Sur les conditions de facturation de l'acheminement, en page 9 de la version 2 du rapport ETE du 3 novembre 2015, il est indiqué en point 3.2 sur le principe de la composante CACS (Composante Annuelle des Alimentations Complémentaires et de Secours) que « les frais relatifs à l'alimentation de secours sont excessivement coûteux (environ 300keuros/an CTA incluse) et représentent environ 2/3 de la facturation TURPE ». Cependant au point 3.3 « Facturation de la composante CACS », le rapport ETE énonce : « TP Ferro avait sollicité la non-facturation du secours durant la période initiale, avant la circulation des premiers trains (mails des 3, 15 et 21 octobre 2008), et ce sans suite. Il aurait pourtant été possible, a minima, de ne pas réserver la puissance sur le poste source durant cette période. ».

Il en résulte que dès le mois d'octobre 2008, la société TP Ferro Concesionaria avait pleine connaissance du dommage qu'elle prétendait subir à ce titre, peu important que le montant exact des surcoûts allégués ait été quantifiable ultérieurement. Toute action en responsabilité civile à l'encontre de la société RTE sur ce point est donc prescrite depuis le mois d'octobre 2013, après expiration du délai quinquennal entré en vigueur le 19 juin 2008. L'action de la société TP Ferro initiée à compter de septembre 2016 est donc irrecevable comme étant prescrite.

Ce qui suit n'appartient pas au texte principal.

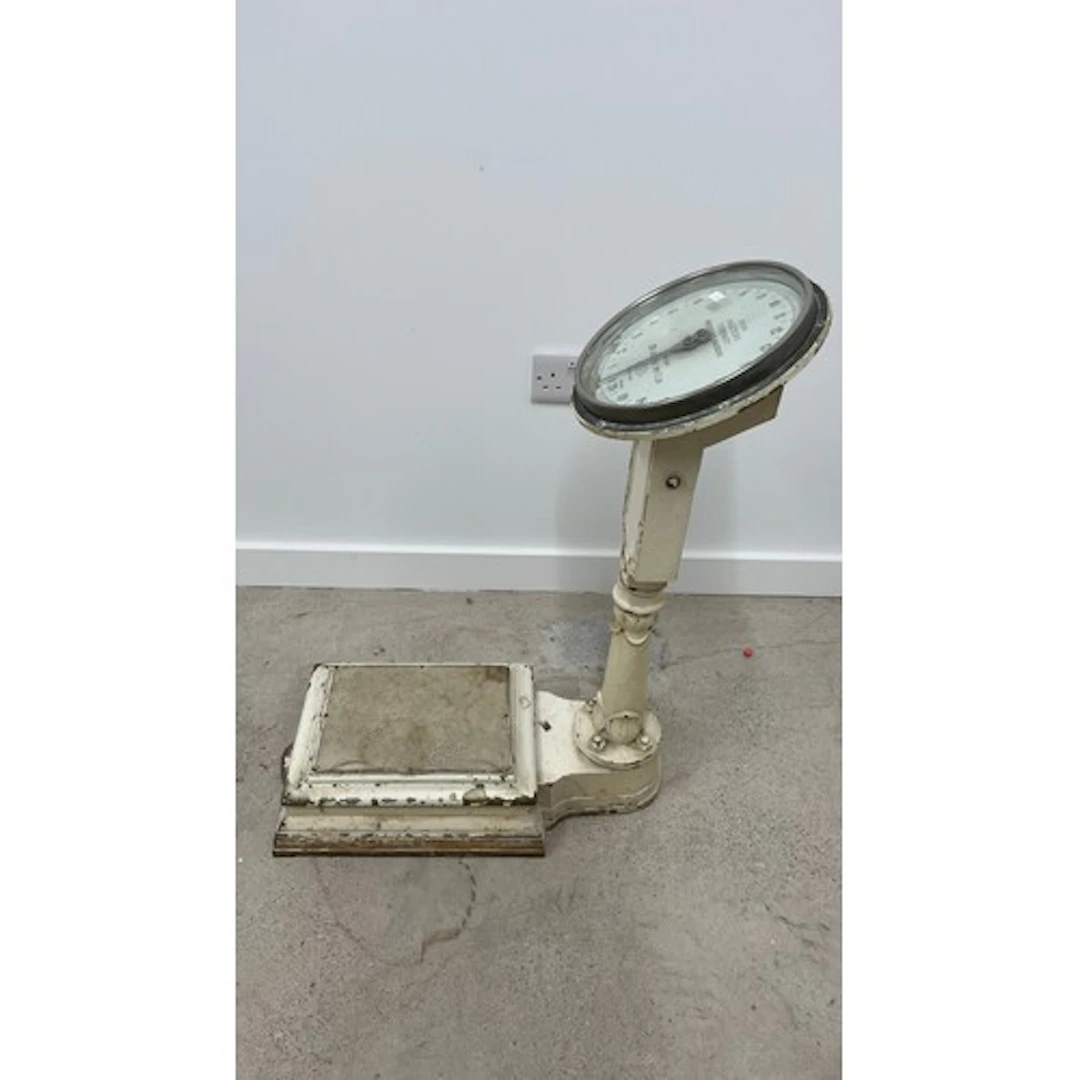 Vintage Salters Compact weighing machine No.216.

Le jugement sera donc confirmé en ce qu'il a dit que la société de droit espagnol TP Ferro Concesionaria et Arraut Y Sala Reixachs, S.L.P, prise en la personne de Me [U] [X] [R], ès qualités de liquidateur de la société de droit espagnol TP Ferro Concesionaria sont irrecevables en leurs demandes, leur action étant prescrite.

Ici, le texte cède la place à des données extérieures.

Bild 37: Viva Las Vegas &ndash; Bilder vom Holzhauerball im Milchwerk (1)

Sur le principe du non-cumul des responsabilités contractuelle et extra-contractuelle

Dans le dernier état de ses conclusions devant la cour, la société TP invoque désormais dans son dispositif « l'article L. 442-6 I 1° et 2° du code de commerce dans sa rédaction en vigueur ». Dans ses motifs, après avoir invoqué « la responsabilité sur le fondement de l'article L442-6 du code de commerce dans sa rédaction applicable au jour de l'introduction de l'instance », elle cite le texte de l'article L. 442-6 dans sa version en vigueur du 3 août 2005 au 5 janvier 2008. Il semble donc que, malgré quelques contradictions et imprécisions sur la version invoquée, la société TP Ferro ne fonde plus son action que sur le texte en vigueur lors de la conclusion du contrat.

Elle invoque également la responsabilité délictuelle de droit commun issue des articles 1382 anciens et suivants devenus 1240 et suivants du code civil.

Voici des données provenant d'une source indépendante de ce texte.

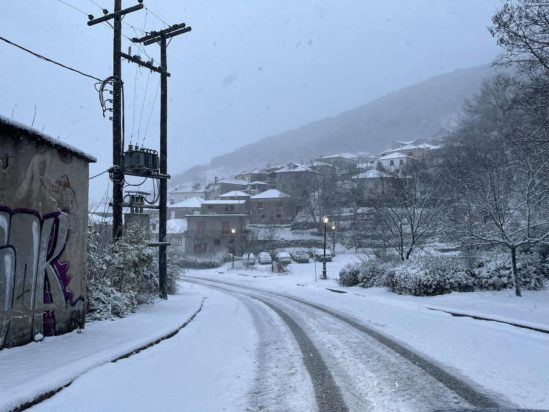 Λάρισα: «Στα λευκά» ορεινές περιοχές - Δείτε βίντεο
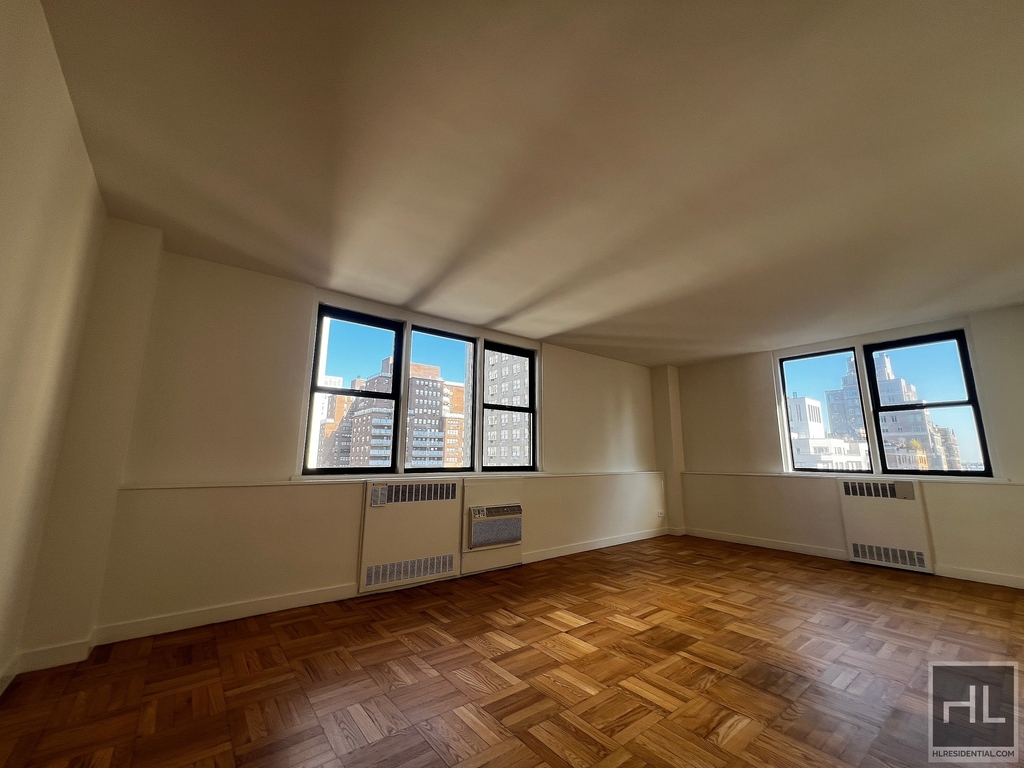 East 79th Street - Photo 0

Or en vertu du principe du non-cumul des responsabilités contractuelle et extra-contractuelle, la société TP Ferro, prise en la personne de son administrateur judiciaire, n'est pas fondée à invoquer à la fois la responsabilité contractuelle et la responsabilité délictuelle au titre d'un même préjudice.

Ses demandes fondées sur la responsabilité délictuelle sont donc irrecevables.

2.Sur les dépens et l'article 700 du code de procédure civile

La société TP Ferro Concesionaria, prise en la personne de son administrateur judiciaire, succombant à l'action, il convient de confirmer le jugement en ce qu'il a statué sur les dépens et les frais irrépétibles et statuant de ces chefs en cause d'appel, elle sera aussi condamnée aux dépens, dont distraction au profit de la SCP Jeanne Baechlin, conformément à l'article 699 du code de procédure civile. Il apparaît en outre équitable de condamner l'appelante à payer à la société RTE la somme de 5 000 euros sur le fondement de l'article 700 du code de procédure civile.

PAR CES MOTIFS,

CONFIRME le jugement en toutes ses dispositions et y ajoutant,

DECLARE irrecevables les demandes de la société TP Ferro Concesionaria prise en la personne de son administrateur judiciaire, en ce qu'elles invoquent un même préjudice au titre de la responsabilité délictuelle et de la responsabilité contractuelle ;

CONDAMNE la société TP Ferro Concesionaria prise en la personne de son administrateur judiciaire aux dépens, dont distraction au profit de la SCP Jeanne Baechlin ;

CONDAMNE la société TP Ferro Concesionaria prise en la personne de son administrateur judiciaire à payer à la société RTE la somme de 5 000 euros sur le fondement de l'article 700 du code de procédure civile.